追記「あらゆる可能性」とは


たとえば今日、こんなことがあった。

いつも行く喫茶店の隣に住むおじさんが、
自宅の木に農薬を撒こうとしているのを見かけた。

「わ、農薬だ」と思った。

つまり「マイナス印象」ということだ。

いつもならそれっきりで、明日には忘れて終わりだっただろう。
しかし、これからはそれで終わりにしない。

まず、その自分の「マイナス印象」は正確なものだろうか。
自分は農薬のことについて大して知らないのに、
なぜそのおじさんを偉そうに心の中で断罪しているのだろう。

これからは、少なくともそれくらいのことは考えようということだ。

ものごとを単なる印象で済まさないこと。
それは、当たり前のことようで、あるいは出来ているようで、
むしろほとんどの人が出来ていないのが実際のところ。

もちろん、「農薬を詳しく調べなくてはならない」
ということを言っているのではない。
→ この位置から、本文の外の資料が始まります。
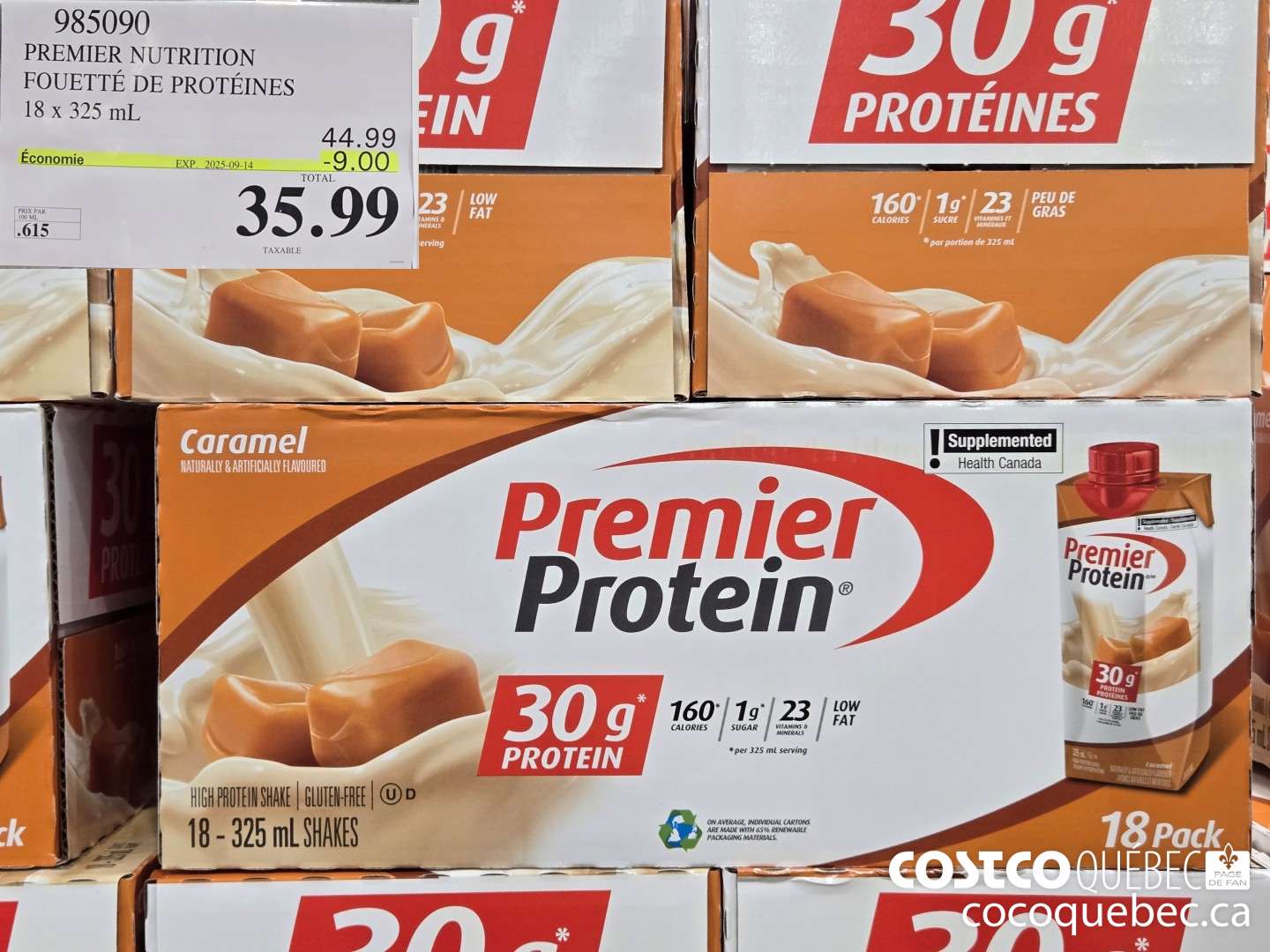 985090 PREMIER NUTRITION FOUETTE DE PROTEINES 18 x 325 mL ($9.00 INSTANT SAVINGS EXPIRES ON 2025-09-14) $35.99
知らなくてもいい。

ただし、知らないなら知らないと思えばいいのだが、
「印象」というものが恐ろしいのは、
知らないのに、まるで知っているかように
人やものごとを裁いてしまうのだ。

だからそれを終わらせなくてはならないのだ。

まるで言葉遊びならぬ、心遊びのように聞こえるかもしれないが、
じつはこういうことこそが未来を変える基のように思えてならない。
一見、心遊びのようでも、後になって巨大な変化が生まれてくるものだ。

なぜなら、この「日常の感じ方」を変えることは、
自分の言動が変わることに直結しているからだ。

いくら政権や東電を批判したところで、
自分自身が変わるわけではない現実を考えれば、
自分自身の日常の感じ方を変えるほうが、むしろ実質的、近道といえる。

たとえば、農薬野菜と無農薬野菜では、明らかに後者の方がいいだろう。

では、なぜ農薬があるのか。

日常我々は、簡単に「好印象」と「悪印象」を自分の中で生んでしまう。
無農薬が「好」で、農薬は「悪」だ。

すると当然、世の中で「無農薬」の呼び文句が流行る。

しかし、それは採算などの関係から「どこまでを無農薬とするか」の
サバ読みになっていくわけで、本当の無農薬に辿り着くわけではない。

当たり前のようだが、ただ「好悪」の2つに分けるのではなく、
両者のメリットとデメリットを知ることが必要だ。
そうしないと、無農薬のデメリットである
「労力や手間」、「採算性」などの問題は解決しない。

極端な話かもしれないが、
もし我々が、本当にその問題解決を望むなら、
「スーパーに行けばいつでも買える便利さ」は失われるかもしれない。

我々の側にも何らかの「労力や手間」の分担が要求されるということだ。
それが嫌なら、世の中に純粋な無農薬社会を要求するなということだ。

つまり、我々はこれまで
自分が消費するものを作ってくれる人々に対し、
おしなべて「傍観者」の態度をとってきたわけだが、
喫茶店の隣に住むおじさんが農薬を撒こうとしていたのを見かけたとき、
それを「マイナス印象」で終わらせないように意識するだけで、
人はこれだけのことを思うこともできるのだ。

東電や農薬を断罪する「傍観者」を卒業し、
つねに実質的・現実的なプラス面とマイナス面を見るクセをつける。

自分が東電社員だったら、果たして原発をやめられただろうか。

自分が農家なら、果たして簡単に無農薬栽培に踏み込めただろうか。

そう考えるクセをつける。

そうしなければ、本当に原発や農薬のない生活は
逆に手に入らないということを、
僕たちはそろそろ知らなければならないと思うのだ。

知らないのに「単なる印象」で裁き、
その改善は他人の責任と「傍観」するクセに気づいた人の数だけ、
日本が変わることが出来るのだということに、
僕たちはいい加減、気づかなければならないと思うのだ。